- _What to work on_: Below is a listing with pictures. Repeat exactly the lines starting at the one holding "TheFACET_'s tweet photo." and going on through the one holding "new Zealand Vintage", and leave every picture out.

- _Dataset excerpts_:
=======

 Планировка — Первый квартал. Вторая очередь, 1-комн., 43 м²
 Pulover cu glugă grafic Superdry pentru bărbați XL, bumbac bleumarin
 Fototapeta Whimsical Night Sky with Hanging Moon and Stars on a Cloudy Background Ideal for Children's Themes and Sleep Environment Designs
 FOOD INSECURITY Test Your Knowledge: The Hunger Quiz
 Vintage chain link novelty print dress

=======

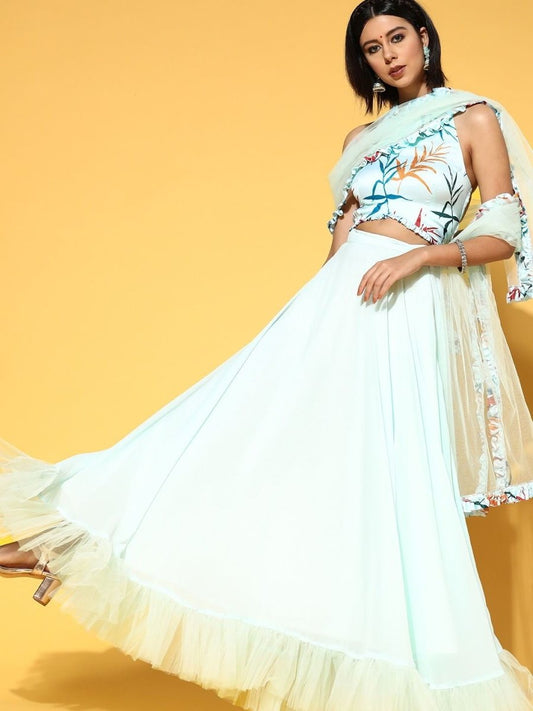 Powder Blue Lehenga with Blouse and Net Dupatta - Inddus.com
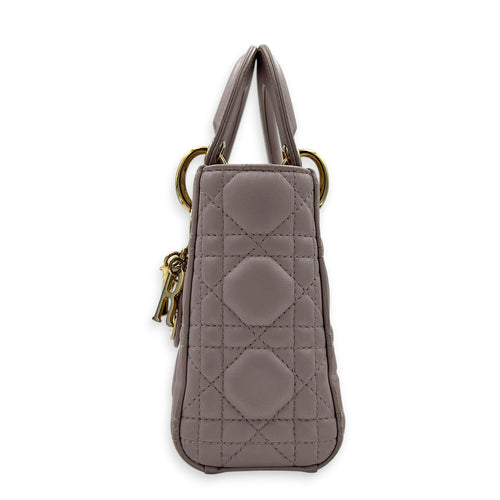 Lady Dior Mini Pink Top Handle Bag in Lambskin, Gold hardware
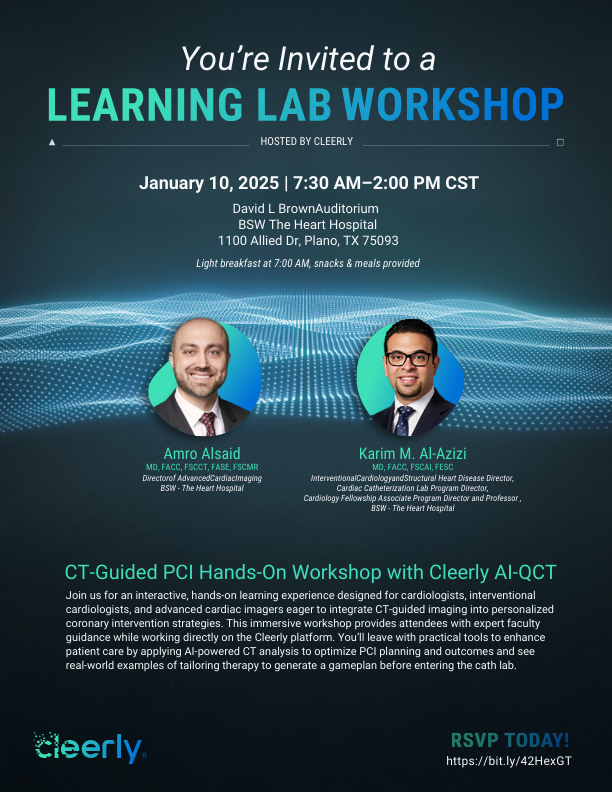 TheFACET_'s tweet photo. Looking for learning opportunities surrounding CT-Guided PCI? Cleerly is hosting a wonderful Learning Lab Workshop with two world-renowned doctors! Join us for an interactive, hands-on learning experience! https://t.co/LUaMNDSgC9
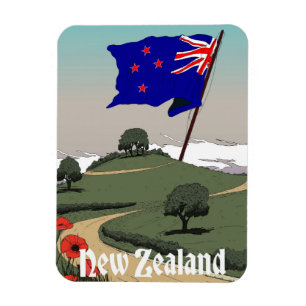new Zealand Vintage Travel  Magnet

=======

- _Expected answer_:
 TheFACET_'s tweet photo. Looking for learning opportunities surrounding CT-Guided PCI? Cleerly is hosting a wonderful Learning Lab Workshop with two world-renowned doctors! Join us for an interactive, hands-on learning experience! https://t.co/LUaMNDSgC9
new Zealand Vintage Travel  Magnet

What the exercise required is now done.